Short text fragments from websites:

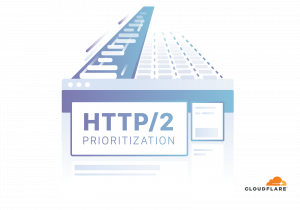 Лучшая приоритизация HTTP/2 для ускорения веба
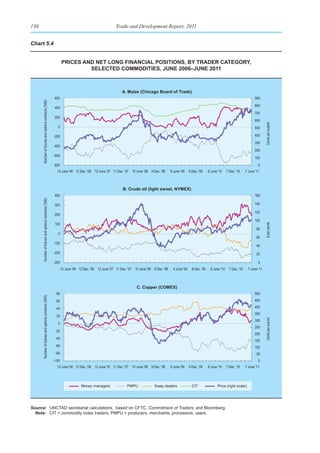 130                                                                                               Trade and Development Report, 2011


Chart 5.4


                                                              prICes and net long fInanCIal posItIons, by trader Category,
                                                                       seleCted CommodItIes, June 2006–June 2011



                                                                                                      A. Maize (Chicago Board of Trade)
                                                       600                                                                                                                                               900
      Number of futures and options contracts ('000)




                                                                                                                                                                                                         800
                                                       400
                                                                                                                                                                                                         700
                                                       200
                                                                                                                                                                                                         600




                                                                                                                                                                                                                  Cents per bushel
                                                         0                                                                                                                                               500

                                                       -200                                                                                                                                              400
                                                                                                                                                                                                         300
                                                       -400
                                                                                                                                                                                                         200
                                                       -600
                                                                                                                                                                                                         100
                                                       -800                                                                                                                                                 0
                                                         13 June '06 12 Dec. '06 12 June '07 11 Dec. '07 10 June '08 9 Dec. '08        9 June '09     8 Dec. '09     8 June '10     7 Dec. '10     7 June '11



                                                                                                      B. Crude oil (light sweet, NYMEX)
                                                       400                                                                                                                                               160
      Number of futures and options contracts ('000)




                                                       300                                                                                                                                               140

                                                                                                                                                                                                         120
                                                       200
                                                                                                                                                                                                         100
                                                       100




                                                                                                                                                                                                                  $ per barrel
                                                                                                                                                                                                           80
                                                         0
                                                                                                                                                                                                           60
                                                       -100
                                                                                                                                                                                                           40
                                                       -200                                                                                                                                                20

                                                       -300                                                                                                                                                 0
                                                              13 June '06 12 Dec. '06 12 June '07 11 Dec. '07 10 June '08 9 Dec. '08     9 June '09     8 Dec. '09     8 June '10     7 Dec. '10     7 June '11



                                                                                                               C. Copper (COMEX)
                                                        80                                                                                                                                               500
      Number of futures and options contracts ('000)




                                                        60                                                                                                                                               450

                                                        40                                                                                                                                               400
                                                                                                                                                                                                         350
                                                        20
                                                                                                                                                                                                         300
                                                                                                                                                                                                                  Cents per pound




                                                         0
                                                                                                                                                                                                         250
                                                        -20
                                                                                                                                                                                                         200
                                                        -40
                                                                                                                                                                                                         150
                                                        -60                                                                                                                                              100
                                                        -80                                                                                                                                                50
                                                       -100                                                                                                                                                 0
                                                         13 June '06 12 Dec. '06 12 June '07 11 Dec. '07 10 June '08 9 Dec. '08        9 June '09     8 Dec. '09     8 June '10     7 Dec. '10     7 June '11




                                                                           Money managers                PMPU              Swap dealers                 CIT                Price (right scale)




Source: UNCTAD secretariat calculations, based on CFTC, Commitment of Traders; and Bloomberg.
  Note: CIT = commodity index traders; PMPU = producers, merchants, processors, users.
 
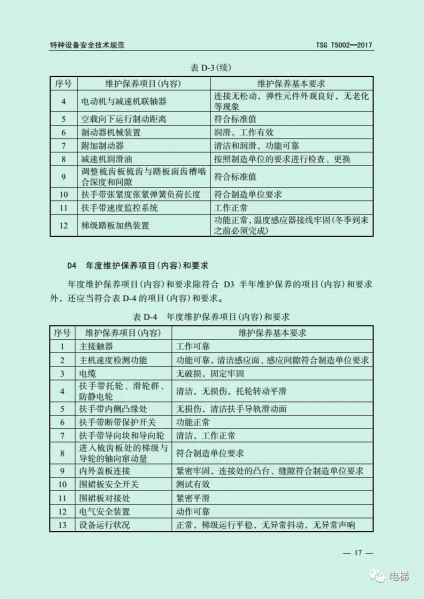 文件:TSG T5002-2017 电梯维护保养规则17.png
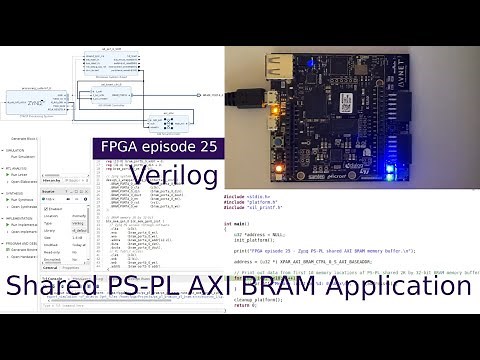 FPGA 25 - Shared PS-PL AXI BRAM Application on Zynq SoC FPGA (Verilog)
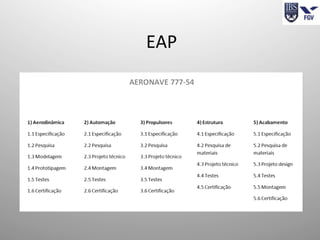 EAP	
  
 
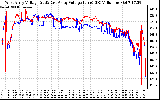 Solar PV/Inverter Performance Photovoltaic Panel Voltage Output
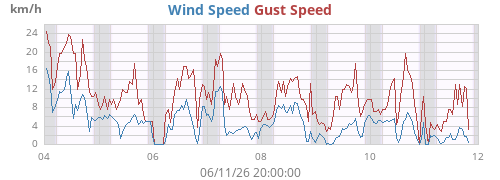 weekwind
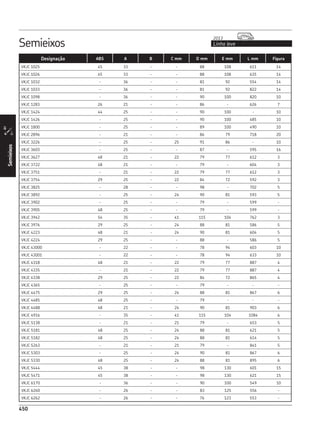 CATÁLOGO REPOSIÇÃO - SKF COMPLETO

ASSIGNMENT: Leave out the pictures and restate, word for word, the lines from the top of the data through the line containing "A. Maize (Chicago", both included.

YOUR RESPONSE:
 Лучшая приоритизация HTTP/2 для ускорения веба
 130                                                                                               Trade and Development Report, 2011


Chart 5.4


                                                              prICes and net long fInanCIal posItIons, by trader Category,
                                                                       seleCted CommodItIes, June 2006–June 2011



                                                                                                      A. Maize (Chicago Board of Trade)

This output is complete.